Last week’s article on ways that stock photographers are missing out on sales mentioned “Imagery that is not relevant” among the top 5 reasons for low sales results.  What imagery is that?  And the moment of truth…Is your photography relevant? 

Frequently, we publish 10×10 portfolios of photographers who know how to shoot relevant images and have a clear and well defined style of shooting.   Surely those photographers that still haven’t reached those shooting levels must be analyzing what differentiates their not relevant photography to those 10×10´s in order to improve their photography, right? Wrong!

Editing today is sometimes frustrating when the “point & shoot” without the backing of relevancy is repeated time after time. If there is no idea, no intention and no reason for clients to use your images, shooting is playing lottery: you’ll shoot a lot and fortune may smile once in a while.  If there is an idea, an intention and a reason for clients to use your images, shooting is making an investment:  you’ll shoot a lot and will earn more interest the more images you have in the bank.

Admittedly, many shooters today are not trying to run a business, but even if just shooting images in your free time and placing them with a stock agency one would expect some regular sales… otherwise, why shoot images anyway?  However, if you regularly shoot images with little relevancy like these below, it is clear that your photography has room for improvement.
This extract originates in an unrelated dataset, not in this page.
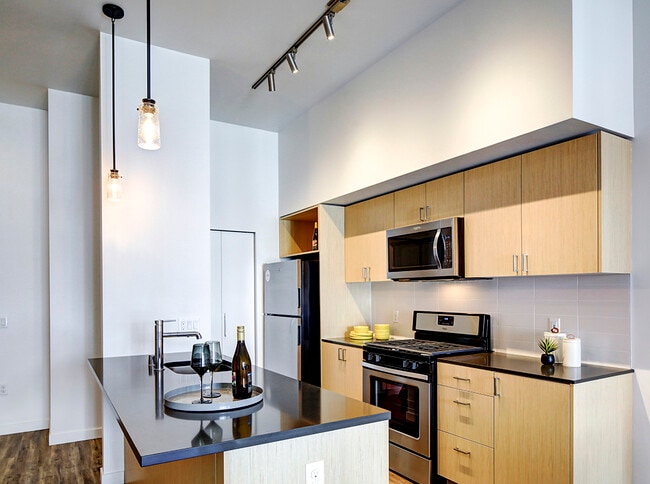 Arras, Bellevue, WA 98005 - photo 5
Here are some solutions though, because relevancy doesn’t have to be the lost grail!

5 Steps to Relevancy

  1. Think about what your images can illustrate.
  2. Consider whether you have seen better images of the same or similar situations.
  3. Try to analyze what your images are missing compared with other, better ones, of the same subject.
  4. Find one that you like and that is clearly better than anything you have done and decide if your photography is weakened by use of the wrong lens, poor lighting of the zone you are photographing, lack of a clear point of interest, a bad camera angle in relation to the subject or bad cropping.   Now try to take your next shot “marinating in your mind” the image you like.
  5. Try not to be a combination of Ansel Adams, Henry Cartier Bresson and Richard Avedon together in one image.  Instead, focus on analyzing and practicing one distinctive style.
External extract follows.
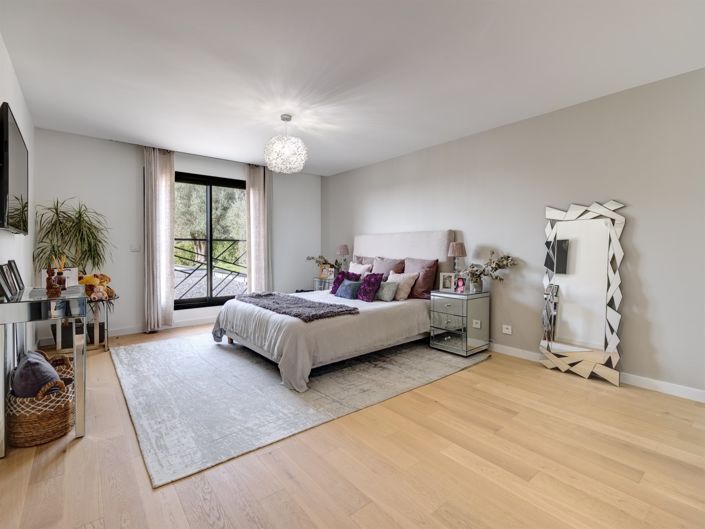 Image No.20-5 Bed House for sale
The lack of a purposely practiced shooting style directly impacts the quality of the images that I see daily. I know that in the end, it triggers certain shooters to take their photos on these non-exclusive pilgrimages, from RM to RF and LBRF and then finally ending at microstock, because at 14 cents, almost everything can be sold, eventually.

Now, leaving aside the question of relevancy, image editors sometimes find another problem. Indecisive individuals with good photographic practices that use their imagination, have good technique, know what can interest clients and resolve well many photographic themes, but, ooh la la, at the last moment the photographer’s dilemma appears: which one of the 20 shots below is the good one?  Maybe my agency can resolve the dilemma for me, the photographer might think.

And there is a reason for that though, because for some portals with a few more millions of images than age fotostock (and less sophisticated searching software), the good trick is to send 5 or 6 equals because among so many millions with basically the same keywords (Italy, Venetia, dusk, blue, etc., etc.) how else will the images be seen if no miracle occurs and the photographer isn’t one sending images every week?  Quantity of equals is the key.

However, at age fotostock, 20 equal images will be returned with a note saying: “edit your work tightly…”  Therefore, it becomes just another way of delaying your images appearance on the web… which is another way of losing income. Because the faster the images go live on the web, the more sale possibilities you have.